Chef Jeff Keenliside Returns to the Oak Bay Marina


Left: Jeff Keenliside, Top Right: Baby Arugula and Beet salad. Bottom Right: Tuna Tataki

The tables are covered in white linens with immaculate place settings but it’s the astounding view of the Oak Bay Marina that makes me pause a minute, silently thanking nature for being just so darn pretty. I’m here to speak with Jeff Keenliside, back as the Marina’s Executive Chef, and I’m slightly nervous because of the formal feel of the space. Five minutes later, he’s sitting across from me wearing a casual white t-shirt that exposes tattoos and has a pint of Driftwood’s Fat Tug in front of him – I can relax. We start chatting and, despite scouring online to find the impressive list of his personal experiences as a chef, I’m again amazed by how much he has accomplished – and how deep his passion for food is. Originally planning to be an accountant, through part-time jobs in dish pits and eventually kitchens, he realized how much he enjoyed cooking and consequently re-directed his career goals. In 1995, he began an apprenticeship at the Aerie and later moved over to Cafe Brio, which was just opening, to work under Chef Sean Brennan. It was there he developed an appreciation for using seasonal and organic local produce, a value he has carried with him throughout his career. He finished his apprenticeship and continued working at Brio until he was offered the Executive Chef position at the Marina in 2005.

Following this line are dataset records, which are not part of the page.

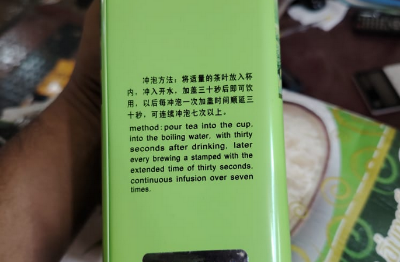 Picture of Green Tea (Whole Leaf in Tea Bag)-108g BESTASTEA China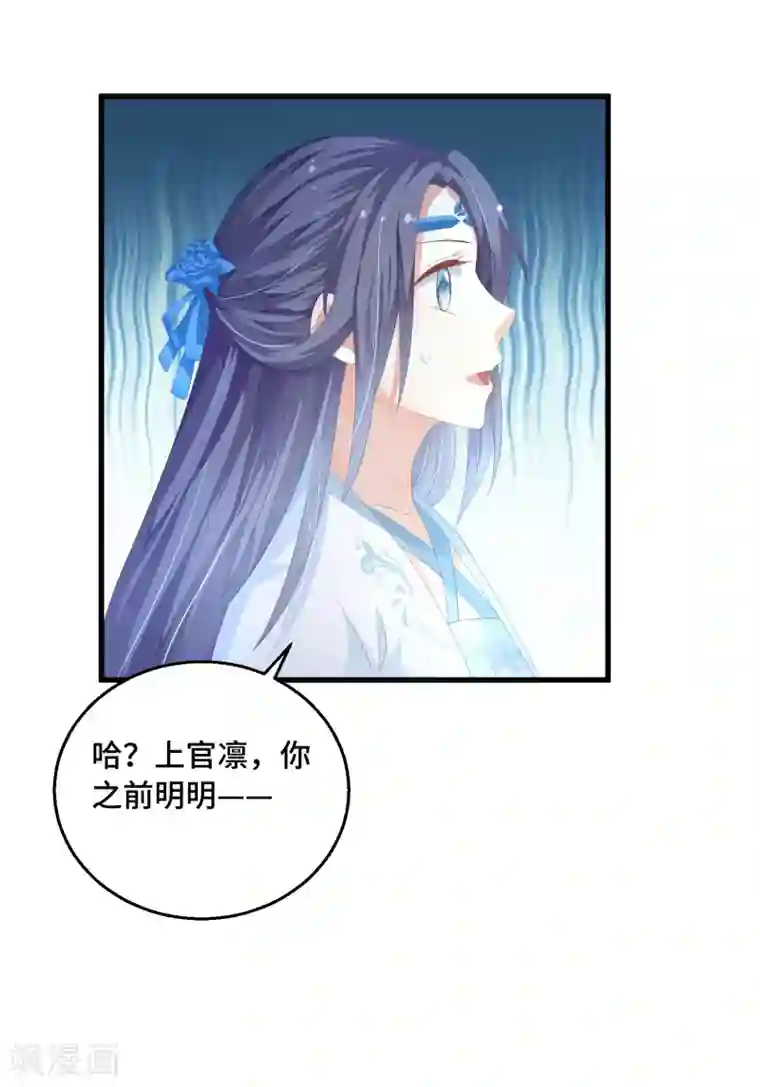 快穿之炮灰女配自救指南第32话 男主后宫都爱我？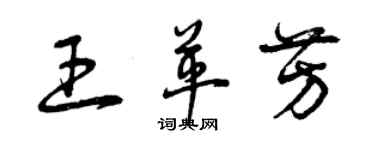 曾慶福王革芳草書個性簽名怎么寫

During his (first) time at the Marina, he was one of the first chefs to include Ocean Wise, a sustainable seafood program from the Vancouver Aquarium, on his menu. He received honours as Vancouver Islands Chef of the Year, was Vice President of the Island Chefs Collaborative (ICC) and worked diligently with local farms and independent farmers. He thoroughly enjoyed the kitchen, his staff and the overall organization of the Oak Bay Marine Group (OBMG) which owns eight resorts and several restaurants. However, feeling at the time that there was not as much room to grow in his position, and having a curiosity for a deeper challenge, he left on great terms and went on to open his own restaurant, Lucy’s in the Square.


Lucy’s was very successful, in a short period of time, with limited funds. Having worked every position in the industry (line cook, dish washer, chef, dessert, front and back of house) he thought he knew what to expect. To say the experience was an eye-opener would be an understatement. He quickly realized that being accountable to the staff and the administrative side of being a business owner was much more than anticipated. Despite closing their doors a year and a half later, it wasn’t with a sour taste in his mouth and he holds absolutely no regrets.



Lemon Tart by pastry chef Brian Bradley.

After Lucy’s there were few opportunities in Victoria for someone with Jeff’s level of expertise. While taking some time to reassess what he wanted to do, a position came up to help re-work and re-launch Maude Hunter’s. A place he remembered from his days as a dishwasher, he signed up and offered his knowledge and assistance for the next ten months. Before he was asked to return to the Marina, he recalls thinking over all the jobs he had done and, if granted the opportunity, he’d love to return to – the Marina was on that list. So, when contacted by OBMG about coming back, there was no question whether to accept or not. With the OBMG thinking of establishing a Corporate Chef position to oversee all of the properties, there are many opportunities to continue pushing himself. As someone who not only welcomes, but is drawn to challenging situations, returning feels like a whole new chapter.


In the upcoming months he will be re-working the current menu by including more seafood options to help fulfil his desire to make the Marina the seafood destination in Victoria. I asked him how he plans to increase appeal to people who may view it more as a formal “special occasions” place. While still working out the details, the concept of a Crab Feast is slowly coming together. With a bucket chock full of mussels, clams, crab and some frites on the side, guests will empty the bucket onto a brown paper table cloth and dive in – much like you’d do on the piers of Seattle or San Francisco. A fun way to enjoy some of the best seafood the West Coast has to offer. Speaking of quality seafood, all of the crabs they serve are kept alive in the ocean outside the restaurant. Handpicked from the salty water after you order, it is as fresh as you’re likely to find.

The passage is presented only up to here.